Top of DATA SUPPLIED
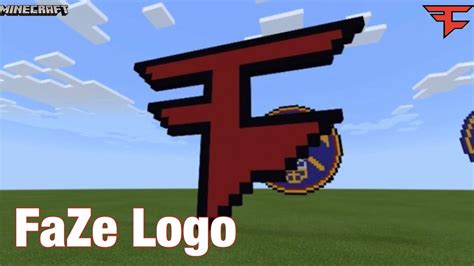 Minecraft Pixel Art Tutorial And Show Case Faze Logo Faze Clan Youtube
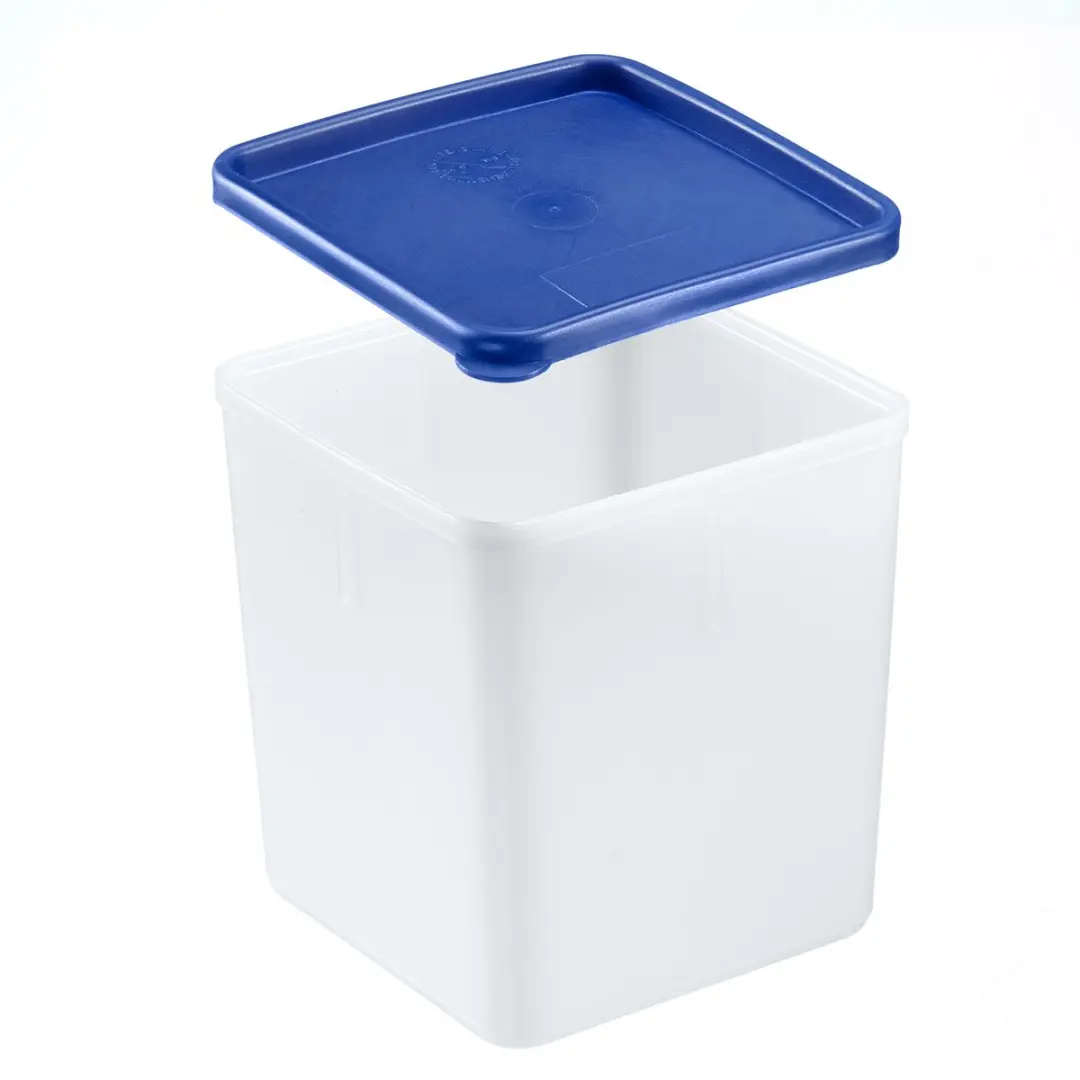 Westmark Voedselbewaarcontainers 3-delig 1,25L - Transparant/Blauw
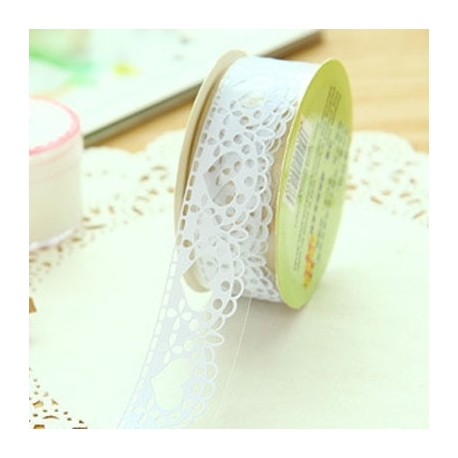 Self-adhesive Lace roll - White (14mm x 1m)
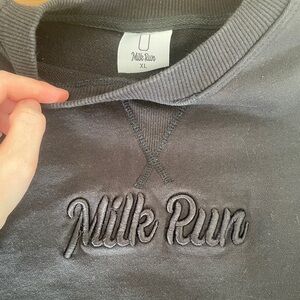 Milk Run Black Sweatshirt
Bottom of DATA SUPPLIED
Top of DATA SUPPLIED
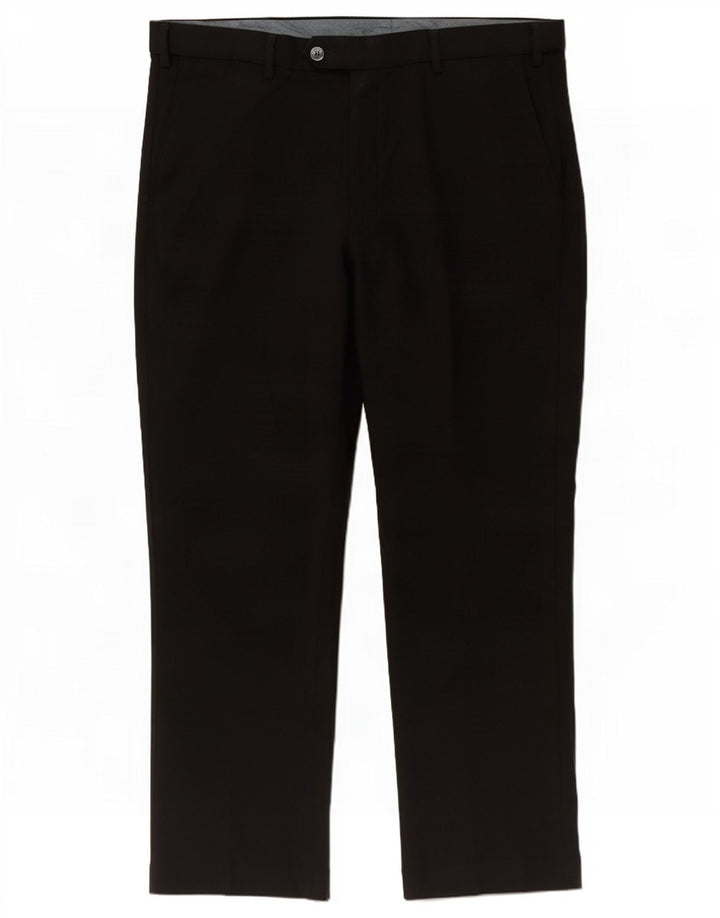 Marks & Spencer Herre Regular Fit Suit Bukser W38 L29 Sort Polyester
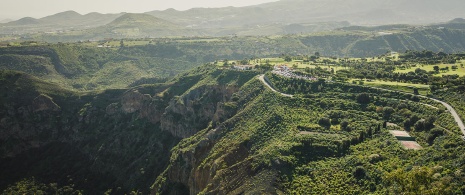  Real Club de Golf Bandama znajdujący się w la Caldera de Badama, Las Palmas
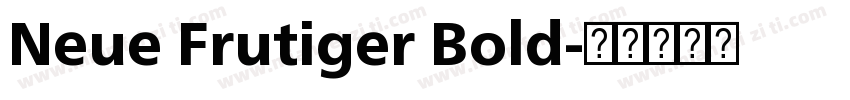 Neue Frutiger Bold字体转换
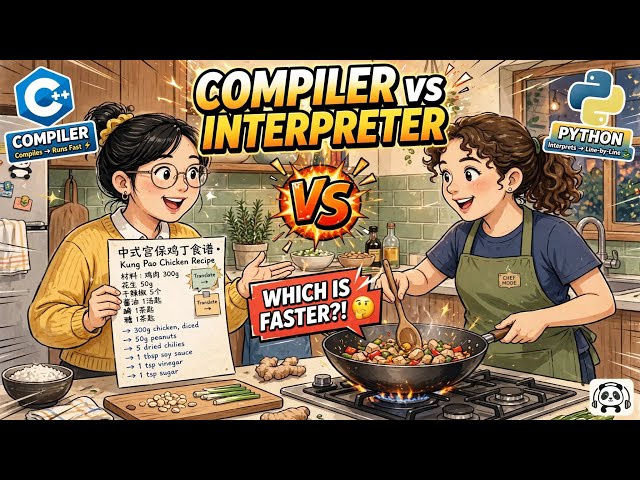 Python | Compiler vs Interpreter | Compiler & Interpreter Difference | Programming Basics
Bottom of DATA SUPPLIED
Top of DATA SUPPLIED
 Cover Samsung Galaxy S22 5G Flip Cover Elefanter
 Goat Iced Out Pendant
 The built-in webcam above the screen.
Bottom of DATA SUPPLIED
EXERCISE — Copy needed, without pictures: the lines of the listing above from the line containing "Marks & Spencer" up to and including the line containing "Python | Compiler", set down exactly.

THE ANSWER —
 Marks & Spencer Herre Regular Fit Suit Bukser W38 L29 Sort Polyester
  Real Club de Golf Bandama znajdujący się w la Caldera de Badama, Las Palmas
 Neue Frutiger Bold字体转换
 Python | Compiler vs Interpreter | Compiler & Interpreter Difference | Programming Basics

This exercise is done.